Соня, как стала сбоку и опустила ресницы, так и не подняла глаз, пока не кончился обряд.
Теперь лицо Катерины Федоровны сияло. Радостно дала она мужу первый открытый поцелуй, и радостно-застенчиво глаза её глядели ему в зрачки. «Никогда такой счастливой невесты не видали!» — говорили кругом. В своих белых башмаках, подбирая вуаль, она подходила к иконостасу и благоговейно целовала все образа, пока Тобольцев шутил с Конкиной и Засецкой.
— Попались?! — шептала та, лукаво улыбаясь.
— Теперь капут тебе! — говорила Фимочка. — На атлас-то Катя первая ступила. Приберет она тебя к рукам…
Тобольцев комично вздыхал, а украдкой все щурился на торжественно-задумчивое лицо Лизы.
Все вернулись из церкви в квартиру Тобольцева, где был накрыт роскошный завтрак a la fourchette[166]. Дверь отворила нянюшка, заезжавшая за «самой»… Она в ноги поклонилась молодым. Катерина Федоровна подхватила ее, и они крепко расцеловались… На пороге спальни молодых встретила приехавшая Анна Порфирьевна. Словно по уговору, молодые опустились на колени. И, опять обнявшись, обе женщины зарыдали.
Пока подъезжали гости, Катерина Федоровна переоделась в прекрасный дорожный костюм. Она пожелала две недели провести в Киеве. Пили шампанское. Было шумно, весело, уютно.
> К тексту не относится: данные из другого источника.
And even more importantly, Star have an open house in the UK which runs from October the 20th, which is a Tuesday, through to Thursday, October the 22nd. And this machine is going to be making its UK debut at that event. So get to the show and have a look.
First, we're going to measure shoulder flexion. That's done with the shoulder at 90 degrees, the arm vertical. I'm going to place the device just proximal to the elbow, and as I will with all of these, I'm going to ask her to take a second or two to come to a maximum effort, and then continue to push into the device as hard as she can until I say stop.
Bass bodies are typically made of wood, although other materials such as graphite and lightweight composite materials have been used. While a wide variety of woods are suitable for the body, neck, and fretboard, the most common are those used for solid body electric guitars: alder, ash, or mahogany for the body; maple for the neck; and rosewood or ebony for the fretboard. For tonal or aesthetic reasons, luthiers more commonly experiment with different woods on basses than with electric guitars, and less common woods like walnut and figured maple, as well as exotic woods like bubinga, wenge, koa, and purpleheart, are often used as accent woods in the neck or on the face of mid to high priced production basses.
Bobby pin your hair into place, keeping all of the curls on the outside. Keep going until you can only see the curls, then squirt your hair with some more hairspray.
— Она очень интересна, — говорила Засецкая Конкиной. — В ней чувствуется личность… И кто бы мог думать, что этим кончится? Я, в сущности, сыграла для них роль судьбы…
И она вздыхала, щурясь на лицо Тобольцева, которое в мечтах она так часто целовала. Разве теперь он не потерян для нее?
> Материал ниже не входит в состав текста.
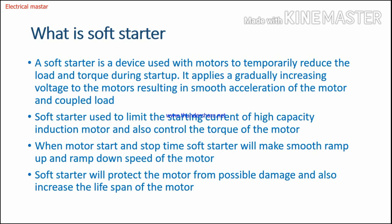The soft starter is used to limit the starting current of a high-capacity induction motor and also to control the torque of the motor. The main purpose is for high HP motors, more than 10 HP, where you want to reduce starting current. Cost-wise, it is the best starter for reducing starting current.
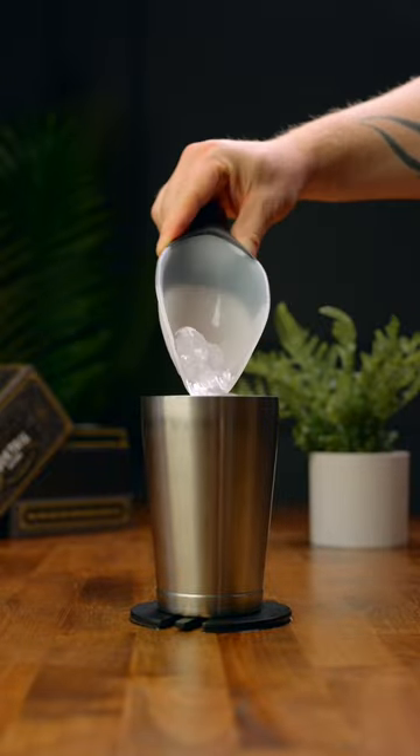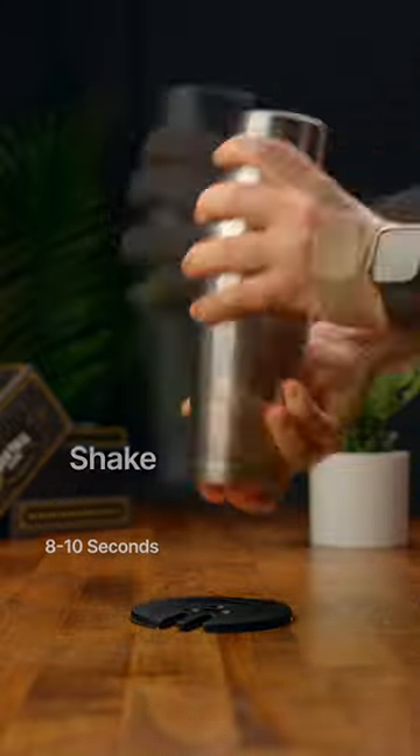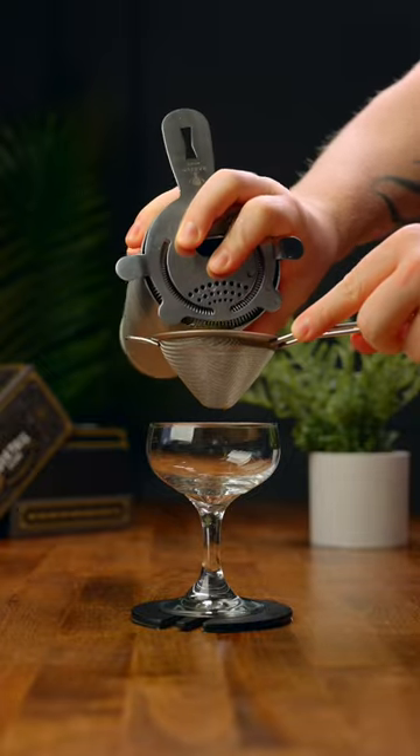Add ice to your shaker and we're gonna give this a shake for about eight to ten seconds. Double strain into a coupe or margarita glass.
А Конкина обмирала над старинными брюссельскими кружевами на венчальном платье, которые Лиза подарила невесте, сняв их с собственного подвенечного туалета. «Скажите! Ведь это целый капитал!» — ахала она. Деньги, да ещё чужие, всегда приводили её в восторженное состояние.
Только когда наступил вечер и, вернувшись с вокзала, Лиза разделась в своей комнате и прилегла на кушетку, чтоб отдохнуть, из души её отлетели невинные и чистые грезы, помогавшие ей жить до этого мгновения между Тобольцевым и его страстью к другой. И неумолимая действительность засмеялась ей в лицо… Засмеялась дико, отрывисто, злобно…
Лиза вскочила и озиралась большими глазами… «Кто это смеется?.. Неужели я сама?..» Со стоном она схватилась за виски… Она видела бледное от страсти лицо Тобольцева, его жадные глаза. Вот с такими глазами он молил её о любви какой-нибудь год назадИ сейчас он так же жадно глядит на другую… Его руки, дрожа, хищно охватывают тело другой… Горячие губы приникают не к её лицу… к чужому…
Словно ей нож вонзили в сердце… Пронзительный, безумный крик пронесся по комнате.
— Тише! Тише! Что ты?.. Господь с тобою!
Перед нею стояла Анна Порфирьевна в шляпе и накидке.
— Маменька, маменька! — глухо, задыхаясь, кричала Лиза. Она упала на колени и то ловила руки свекрови, то заламывала свои руки над головой, близкая к истерике… Зубы Анны Порфирьевны стучали, но она владела собой. С силой подняла она молодую женщину за плечи и посадила её на диван.
— Молчи! Перестань… Возьми себя в руки! И слушай… Слушай!.. Я к тебе за делом пришла, за помощью…
— Маменька… Как жить теперь? Не могу без него жить!
— Я тебя научу… Одевайся! Ничего, что капот… Накидку бери… Где шляпа? Мы сейчас едем…
— Куда, маменька? Бросьте!..
— На дачу, в Сокольники… Перед нами только две недели. Надо все отделать заново… Приготовить для них…
— Разве они с нами будут жить? — Голос Лизы задрожал.
— Да, коли мы с тобой сумеем их привлечь. Всей семьей проживем лето… А там видно будет… Пойдем!
Как во сне, Лиза вышла со свекровью на крыльцо. Беззакатные майские сумерки, нежные и задумчивые, реяли над землей.
— Куда вы, на ночь глядя? Десятый час, — ахнула Фимочка.